Draußen in den Straßen werden in dieser Nacht 120 Millionen Euro verschossen. Es kracht wie beim Einschlag von Granaten, es zischen die Euros sinnlos in den Himmel. Aus Schuss-Feuerwerk-Batterien, siebzig Euro das Stück, aus dem Bombettensturm, 150 Schuss für 143 Euro. Deto-Nation heißen die Kanonenschläge, die es für drei Euro gibt und die sich jeder leisten kann. Je lauter, je idiotischer kommt uns das inzwischen vor.
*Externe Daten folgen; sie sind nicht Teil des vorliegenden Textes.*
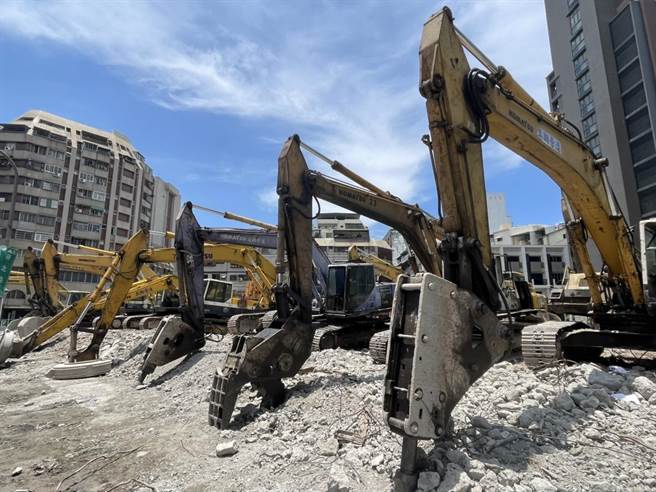 城中城大楼拆除后将兴建公园，如今拆除工程进入尾声，目前已完97％工程，预计20日完工，高雄市副市长林钦荣18日特地前往城中城原址参加祈安植福典礼。（洪浩轩摄）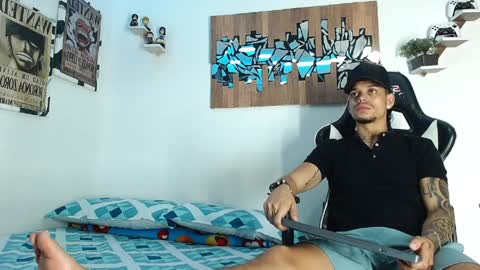 Adam y pitter online show from 04-12-26, 02:27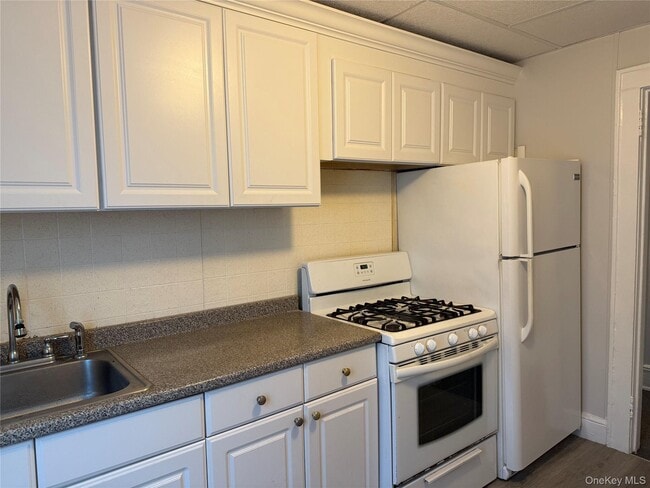 Building Photo - 50 The Crescent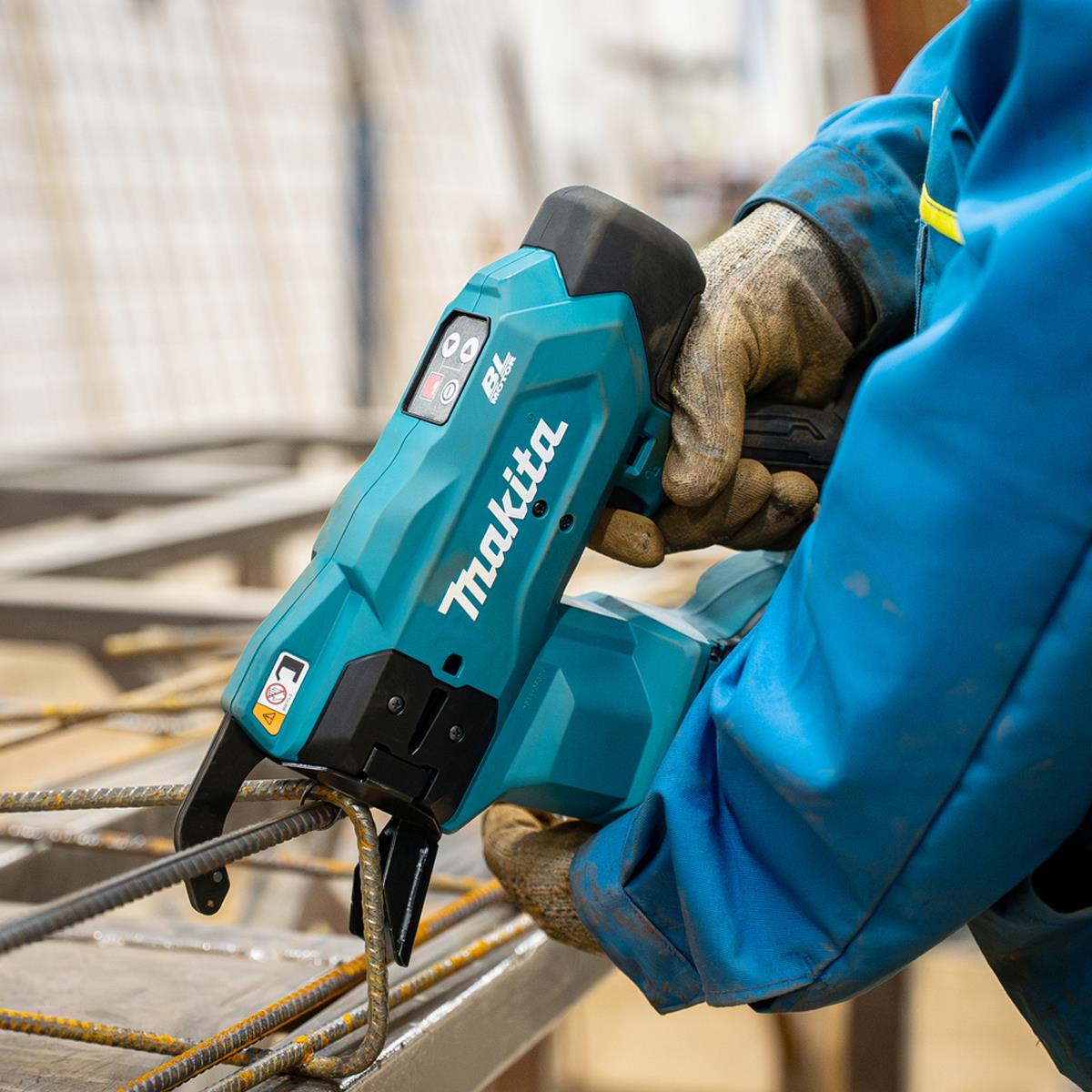 Makita TR001GZ 40V Max XGT Brushless Rebar Tying Tool With 1 x 2.5Ah Battery Charger & Case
Und weil friedliches Feiern langweilig ist und irgendeine Aggression irgendwie halt heraus muss, werden Passanten mit Kanonenschlägen beworfen, vermummen sich ein paar Idioten und greifen Feuerwehrleute und Einsatzfahrzeuge an, sie errichten Barrikaden, gehen mit Schlagstöcken und Schreckschusspistolen auf die Einsatzkräfte los, sie zünden sogar einen Reisebus an. Ein Dachstuhl, ein Keller, ein Laden brennt aus, es gibt mehrere Brände in dieser Nacht in Berlin, über dreißig Verletzte bei Feuerwehr und Polizei, die zu den Einsätzen müssen. Das Klinikpersonal hat diese Nacht viel zu tun. 120 Millionen Euro wurden verpulvert und sie haben Krieg gespielt. Weil in Frieden zu leben so scheißlangweilig ist. Zu ruhig, zu wenig Action.
Unsere schönste Rakete, die die ganze Nacht glühte und Funken sprühte war David, ein zarter fröhlicher Junge.